**Assignment:** Go to the line that contains "Pantaloni da yoga" in the records below and repeat it, and each line after it, exactly through the end, omitting pictures.
━━━━━━━━━━━━━━━━━━━━━━━━━━━━━━
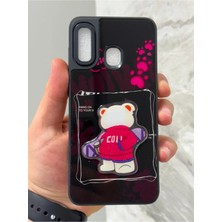 Sphone Samsung Galaxy A20 ve A30 Kılıf Parlak Neon Renkli Kabartma Emoji Teddy Bear Baby Rabbit Cat Sticker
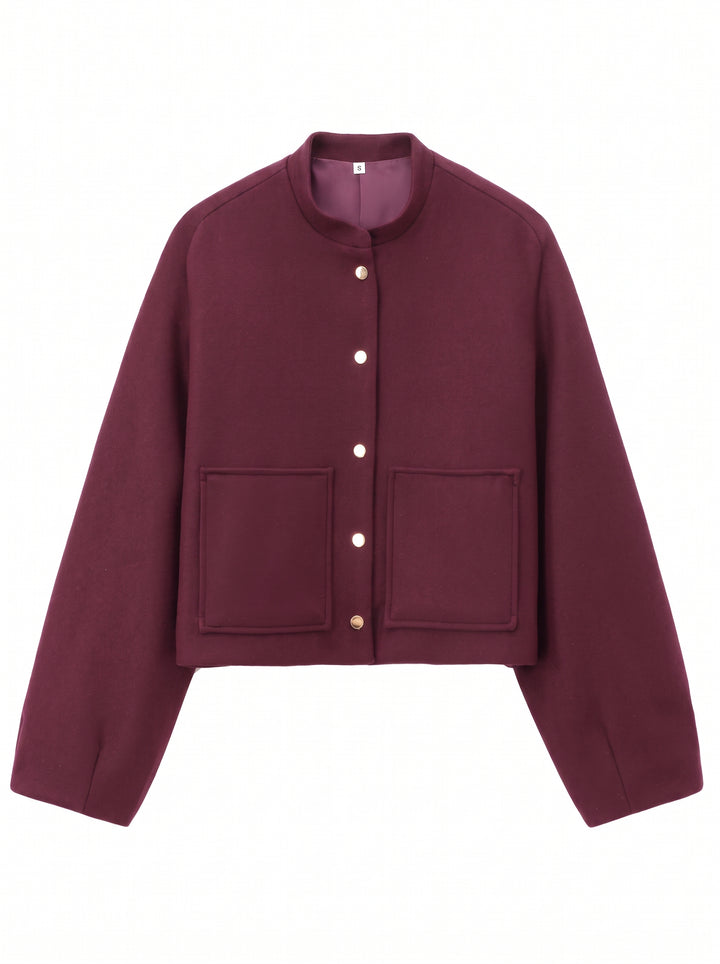 Cozy Wool Blend Snap Button Jacket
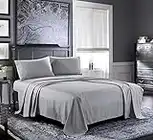 Pure Bedding Bed Sheets - Twin Sheet Set [4-Piece, Light Grey] - Hotel Luxury 1800 Brushed Microfiber - Soft and Breathable - Deep Pocket Fitted Sheet, Flat Sheet, Pillow Cases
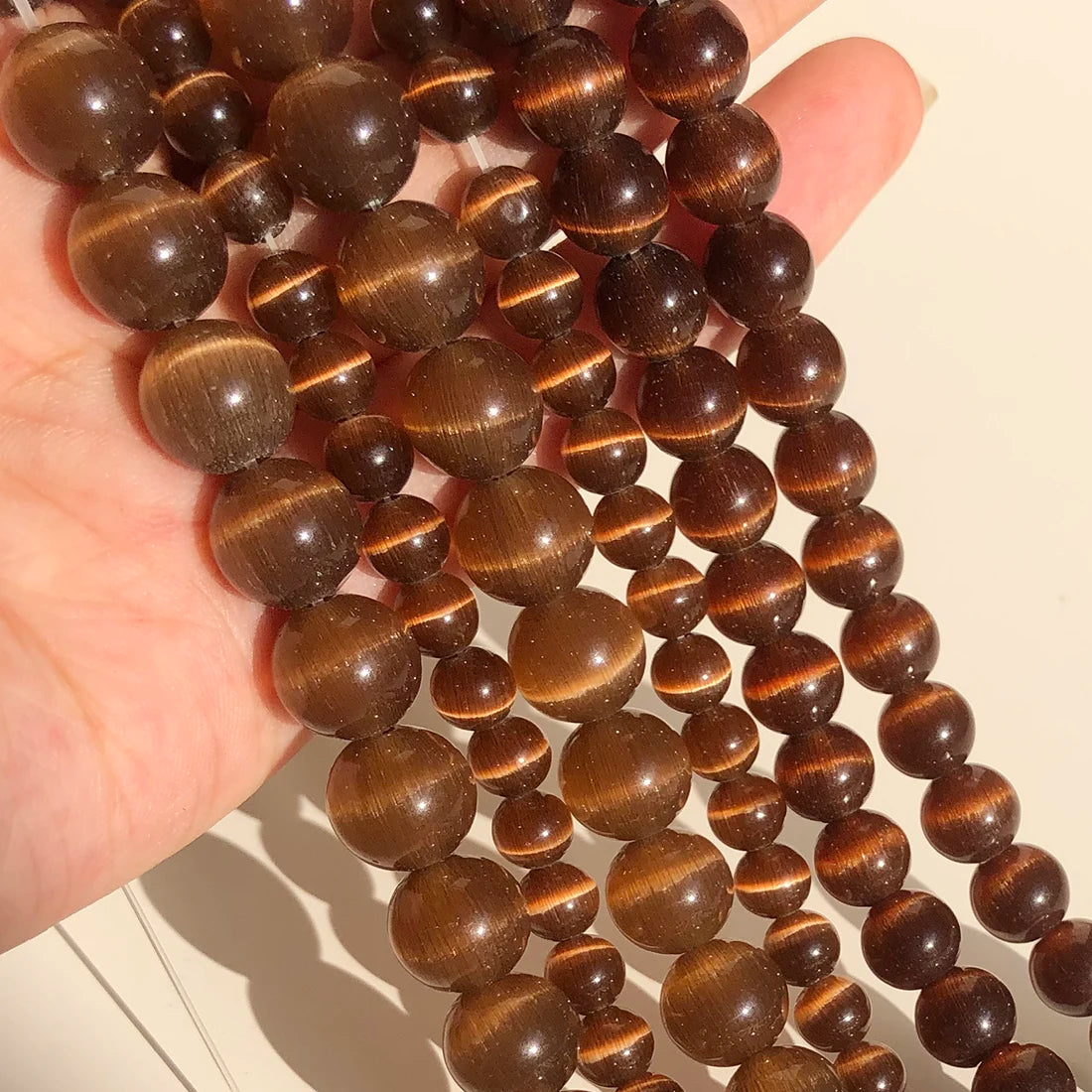 Glass Beads Pink Cat Eye Opal-Style Round for DIY Jewelry Making Craft Beads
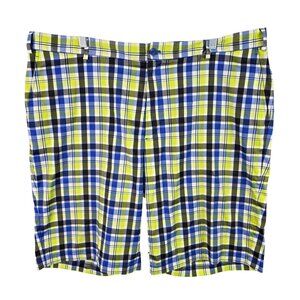 Mens Slazenger Blue Green White Plaid Shorts 100% Polyester 12" Inseam Size 42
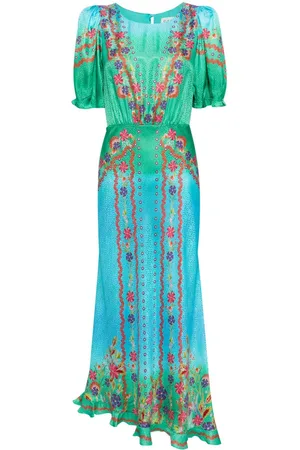 SALONI Vida floral-print silk dress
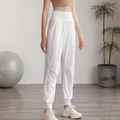 Pantaloni da yoga bianchi a vita alta in nylon con polsini per fitness da donna - S / Bianco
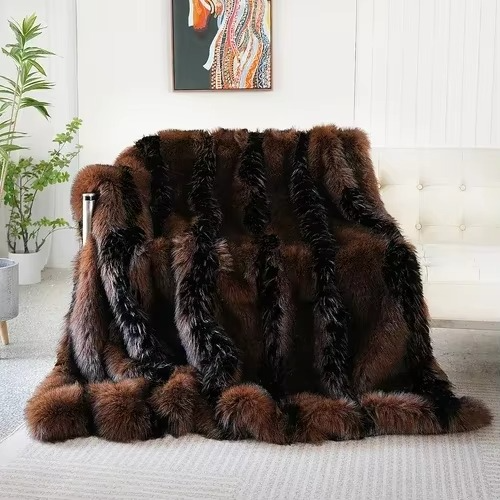 plaid rayé fausse fourrure brun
━━━━━━━━━━━━━━━━━━━━━━━━━━━━━━
**Worked solution:**
 Pantaloni da yoga bianchi a vita alta in nylon con polsini per fitness da donna - S / Bianco
 plaid rayé fausse fourrure brun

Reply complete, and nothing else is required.